Infections reduce autism symptoms – because an immune-system molecule affects a part of the brain.

Not sure if “symptoms” is quite the right word here, but it’s what MIT News is using. Apparently, it’s been noticed for around a decade and half that when autistic kids get fevers, they seem less autistic. Now, a study from MIT and Harvard Medical School might have found how this works:

In a study of mice, the researchers found that in some cases of infection, an immune molecule called IL-17a is released and suppresses a small region of the brain’s cortex that has previously been linked to social behavioral deficits in mice.

“People have seen this phenomenon before […] but it’s the kind of story that is hard to believe, which I think stems from the fact that we did not know the mechanism,” says Gloria Choi, the Samuel A. Goldblith Career Development Assistant Professor of Applied Biology and an assistant professor of brain and cognitive sciences at MIT.

Choi and Jun Huh, an assistant professor of immunology at Harvard Medical School, are the senior authors of the study, which appears in Nature today. The lead authors of the paper are MIT graduate student Michael Douglas Reed and MIT postdoc Yeong Shin Yim.

Choi and Huh have previously explored other links between inflammation and autism. In 2016, they showed that mice born to mothers who experience a severe infection during pregnancy are much more likely to show behavioral symptoms such as deficits in sociability, repetitive behaviors, and abnormal communication. They found that this is caused by exposure to maternal IL-17a, which produces defects in a specific brain region of the developing embryos. This brain region, S1DZ, is part of the somatosensory cortex and is believed to be responsible for sensing where the body is in space.

The researchers began by studying mice that exhibited behavioral symptoms due to exposure to inflammation during gestation. They injected these mice with a bacterial component called LPS, which induces a fever response, and found that the animals’ social interactions were temporarily restored to normal.

Further experiments revealed that during inflammation, these mice produce IL-17a, which binds to receptors in S1DZ — the same brain region originally affected by maternal inflammation. IL-17a reduces neural activity in S1DZ, which makes the mice temporarily more interested in interacting with other mice.

If the researchers inhibited IL-17a or knocked out the receptors for IL-17a, this symptom reversal did not occur. They also showed that simply raising the mice’s body temperature did not have any effect on behavior, offering further evidence that IL-17a is necessary for the reversal of symptoms.

“This suggests that the immune system uses molecules like IL-17a to directly talk to the brain, and it actually can work almost like a neuromodulator to bring about these behavioral changes,” Choi says. “Our study provides another example as to how the brain can be modulated by the immune system.”

The researchers then performed the same experiments in three additional mouse models of neurological disorders. These mice lack a gene linked to autism and similar disorders — either Shank3, Cntnap2, or Fmr1. These mice all show deficits in social behavior similar to those of mice exposed to inflammation in the womb, even though the origin of their symptoms is different.

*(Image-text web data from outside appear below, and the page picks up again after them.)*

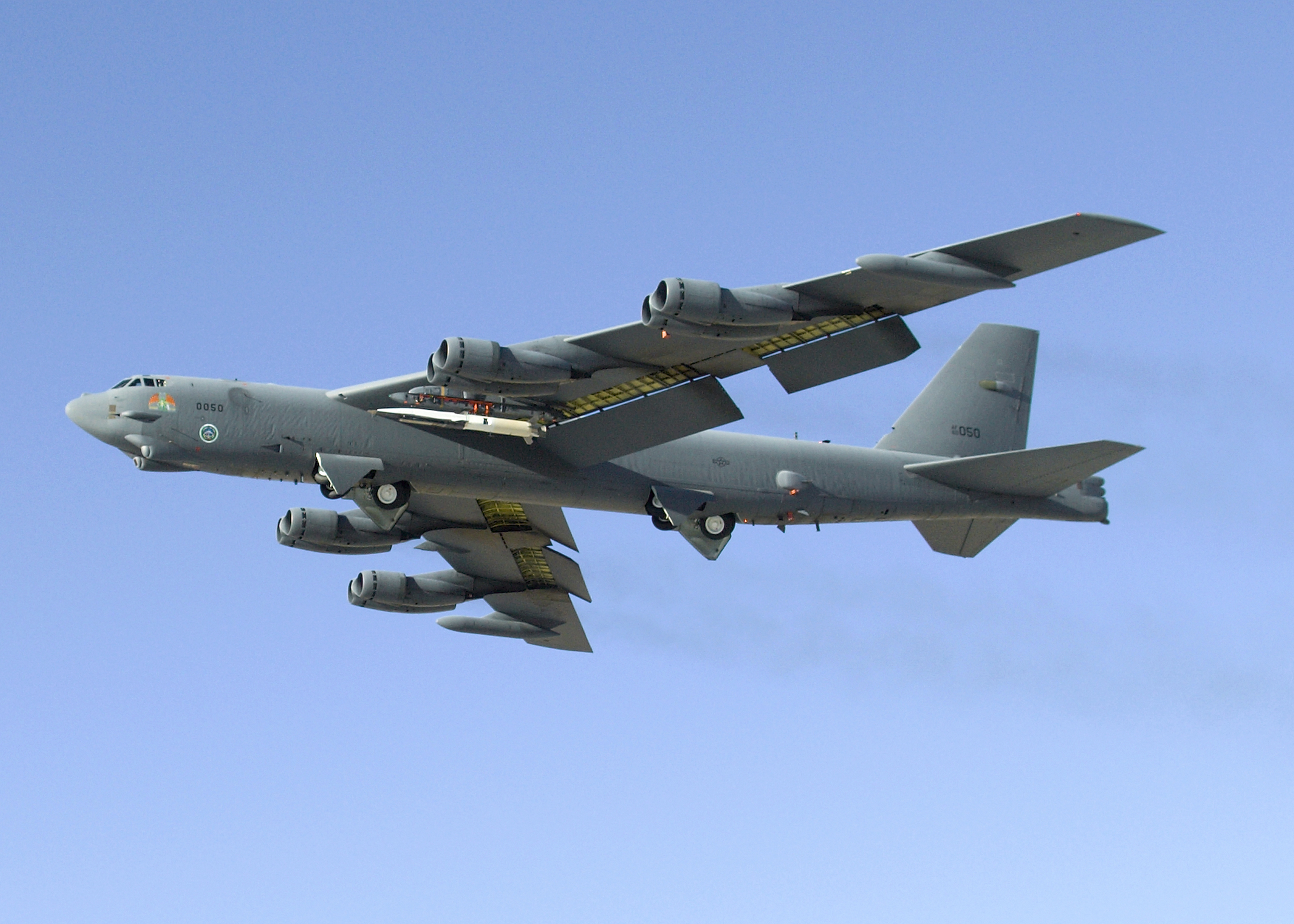 B-52_Stratofortress_-_091209-F-6680C-140.jpg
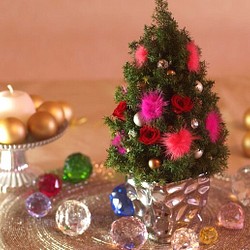 【高さ約３０センチ】 スワロフスキー＆ミンクファー　ふわきらクリスマスツリー 　　 1枚目の画像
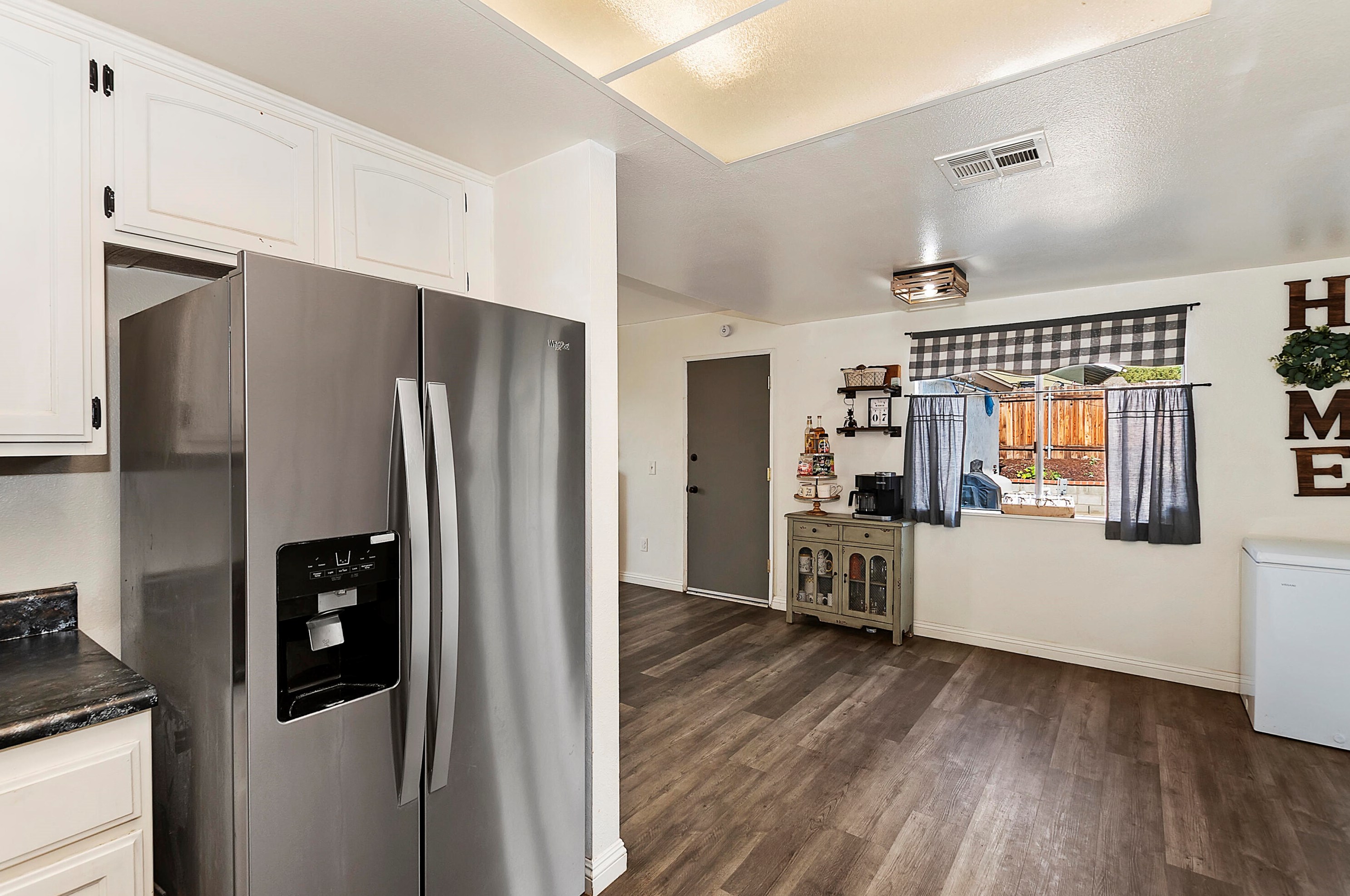 5260 Camino Real, Riverside CA  92509-5408 exterior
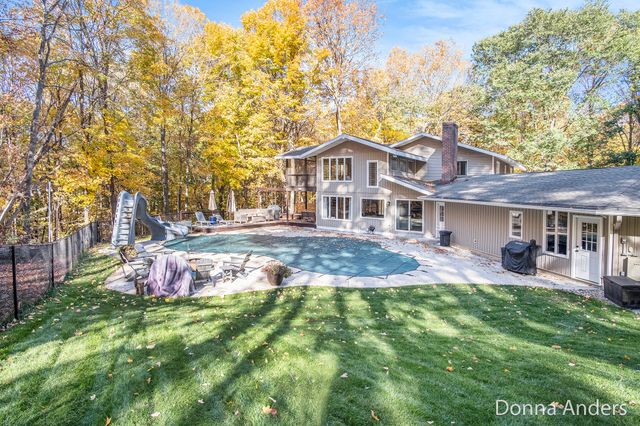 7160 River Valley Drive SE, Alto, MI 49302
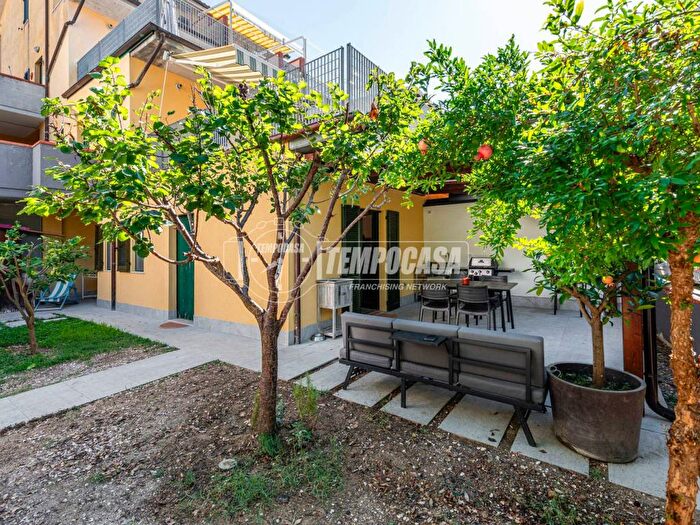 Appartamento trilocale in vendita in Via ISCHIA, Marcelli, Numana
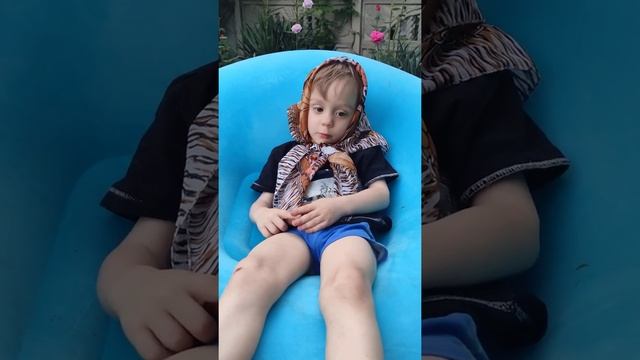 Машины сказки на ночь...Малыш рассказывает сказку про Курочку Рябу. смотреть онлайн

Injecting those mice with LPS did produce inflammation, but it did not have any effect on their behavior. The reason for that, the researchers found, is that in these mice, inflammation did not stimulate IL-17a production. However, if the researchers injected IL-17a into these mice, their behavioral symptoms did improve.

“It was amazing to discover that the same immune molecule, IL-17a, could have dramatically opposite effects depending on context: Promoting autism-like behaviors when it acts on the developing fetal brain and ameliorating autism-like behaviors when it modulates neural activity in the adult mouse brain. This is the degree of complexity we are trying to make sense of,” Huh says.